Mouhamed Keïta, président de la Fédération départementale des associations des parents d’élèves de Mbour donne des chiffres, qui font froid dans le dos en détaillant le nombre d’enfants sans état civil. «Ils sont 1480 enfants à l’Ief 1 et plus de  2330 dans l’Ief 2 qui sont concernés par le défaut de pièces d’état civil. Une situation qui découle de trois facteurs : des parents qui ont démissionné, des enfants victimes de parents qui n’ont pas de pièces d’état-civil et enfin des  enfants nés de parents inconnus ou abandonnés», explique-t-il. Par conséquent, la Fédération départementale des parents d’élèves a décidé de s’impliquer pour «éradiquer cette situation qui ne peut plus continuer. Les parents d’élèves doivent avoir conscience que les enfants ne doivent pas être victimes de cette situation». Une situation qui n’a pas manqué d’interpeller le patron de l’Ief 1, Mamadou Lamine Sakho, qui rappelle  que le défaut de pièces d’état civil ne constitue plus un motif pour exclure l’élève d’un examen. «On recense l’élève et on lui propose une date de naissance pour lui permettre de faire l’entrée en 6ème. Donc ce n’est plus un blocage pour faire le Cfee ; ensuite, il est tenu de régulariser. Ce n’est évidemment pas une bonne chose parce que cela va le rattraper dans le futur», prévient M. Sakho.

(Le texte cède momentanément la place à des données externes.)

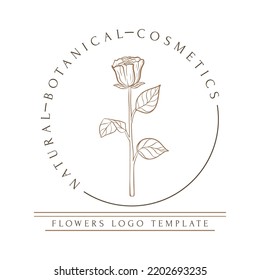 Hand Drawn Minimal Logo Of Blooming Flowers And Leaves In Line Art. Bohemian Floral Vector Illustration. Decorative Botanique Monogram Composition For Greeting Card, Wedding Invitation, Fabric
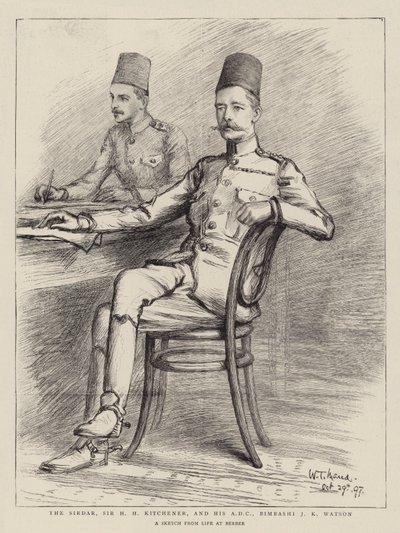 O Sirdar, Sir HH Kitchener, e seu ADC, Bimbashi JK Watson de William T. Maud
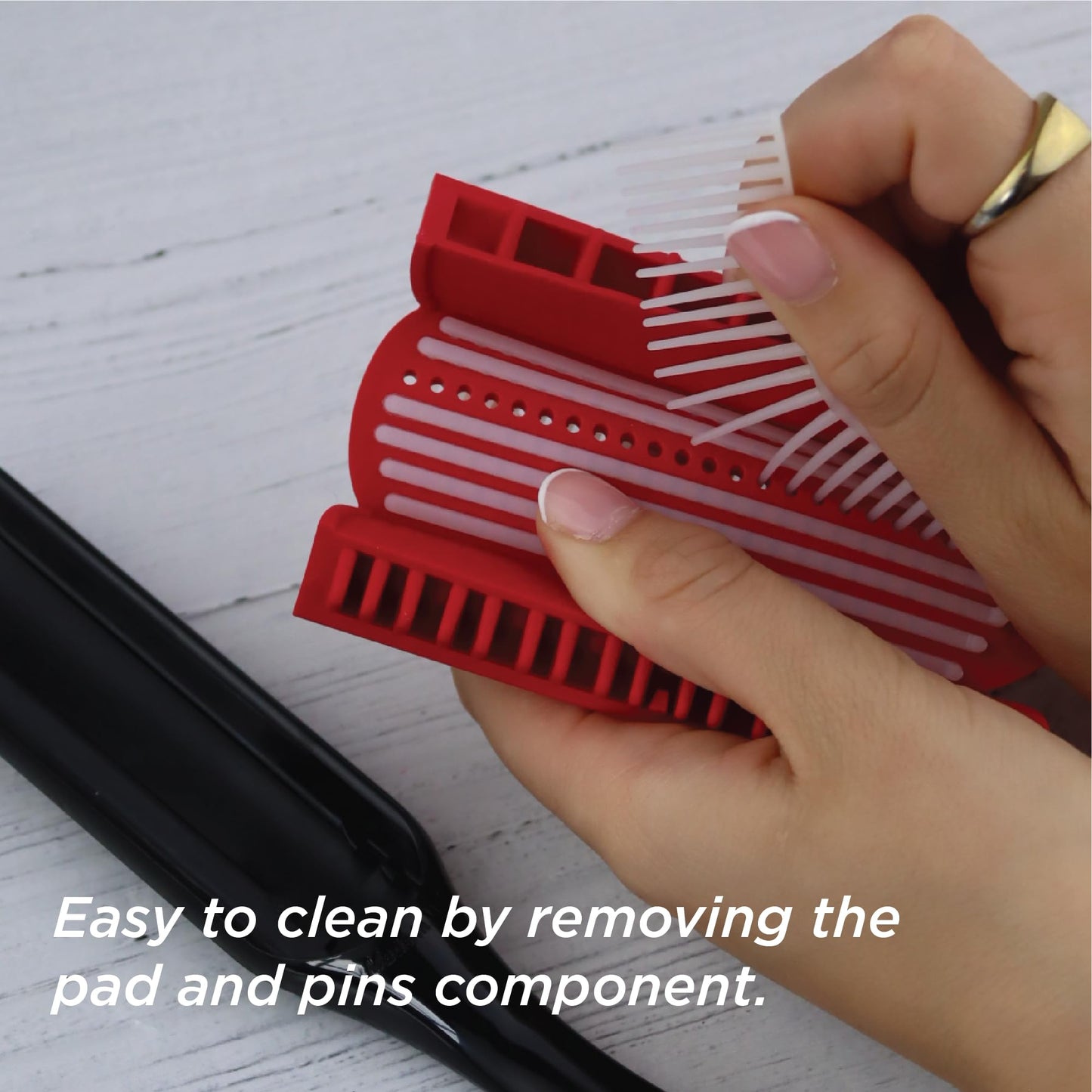 Side view profile of the medium seven row professional grooming brush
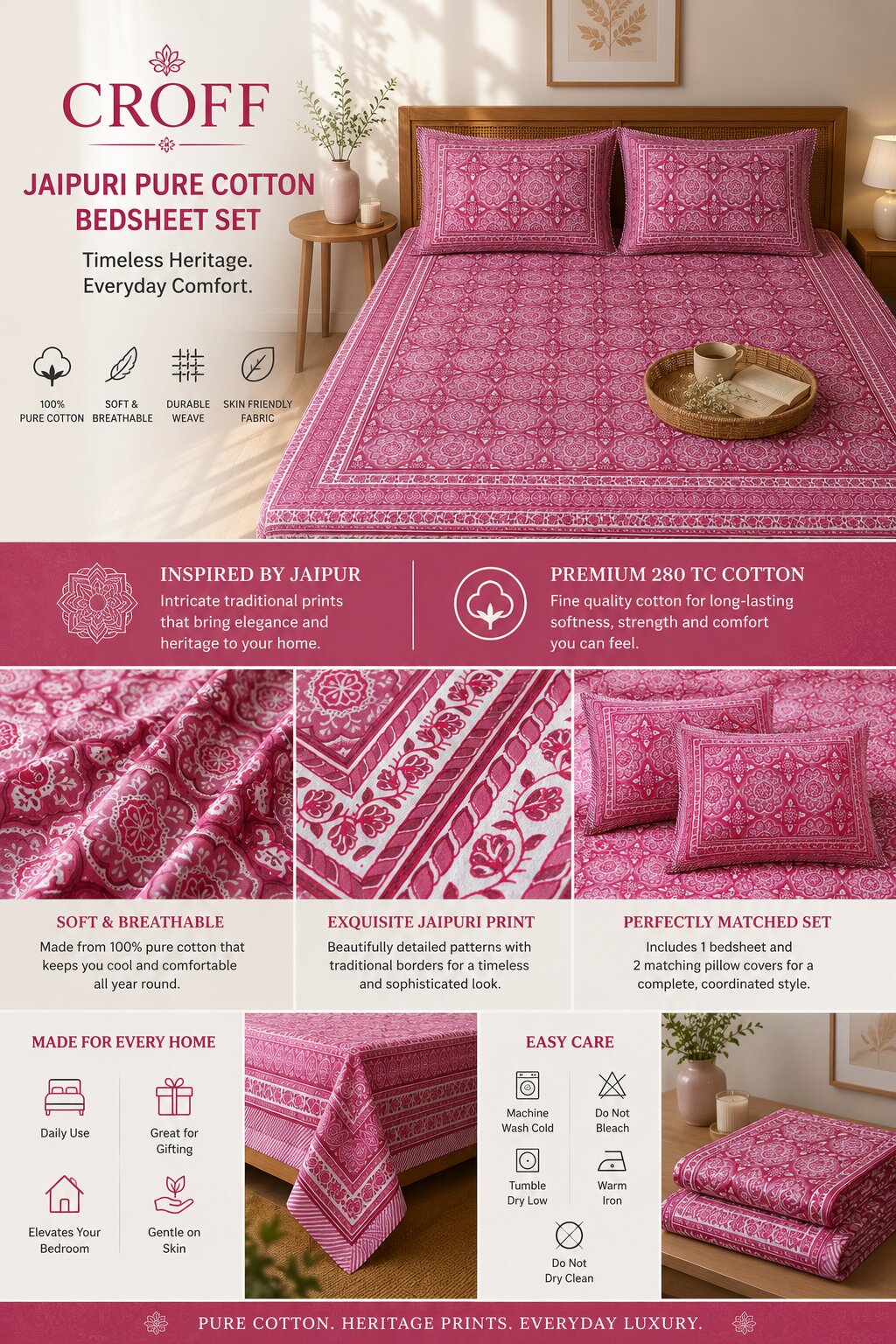 CROFF 100% Pure Cotton King Size Jaipuri Printed Bedsheet with 2 Pillow Covers | Soft & Breathable | 93 × 108 Inches | Rose Pink Floral Medallion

Après avoir salué l’implication des parents d’élèves et du président du Tribunal de Mbour, qui ont  compris l’enjeu et l’importance de faire en sorte que chaque élève puisse disposer d’une pièce d’état-civil, il a déploré la situation au niveau de Mbour, qui est une grande agglomération. «Cette situation qui est plus visible  dans les zones rurales est inacceptable à Mbour où le taux est important. Il y a donc un problème de sensibilisation à faire. Les chiffres sont importants pour les deux inspections et on est sur une dynamique d’anticiper sur l’année prochaine. Nous avons ainsi un comité pour continuer à travailler pour faire en sorte que l’année prochaine, on n’ait pas à faire face à ces problèmes au mois d’avril», regrette-t-il.
Mais aussi, il a plaidé pour que des moyens soient mis à la disposition  des Inspections pour qu’elles fassent certaines missions. «La dynamique de faire travailler tous les parents d’élèves pour aller vers la mairie, vers le Tribunal leur est dévolue. Ce sont eux qui ont fait ça et c’est un travail titanesque. Cette année, on a 1480 élèves qui vont faire le Cfee sans extrait de naissance qu’on va ensuite régulariser. Mais l’année prochaine, on veut anticiper sur les élèves du Cm1 déjà. Et si le président du Tribunal nous parraine, on va commencer depuis le Ci jusqu’au Cm2 pour recenser tous ceux qui n’ont pas de pièces et les régulariser. C’est énorme parce que le Tri­bunal a aussi autre chose à faire mais il faut une dynamique de ­compréhension», propose M. Sakho.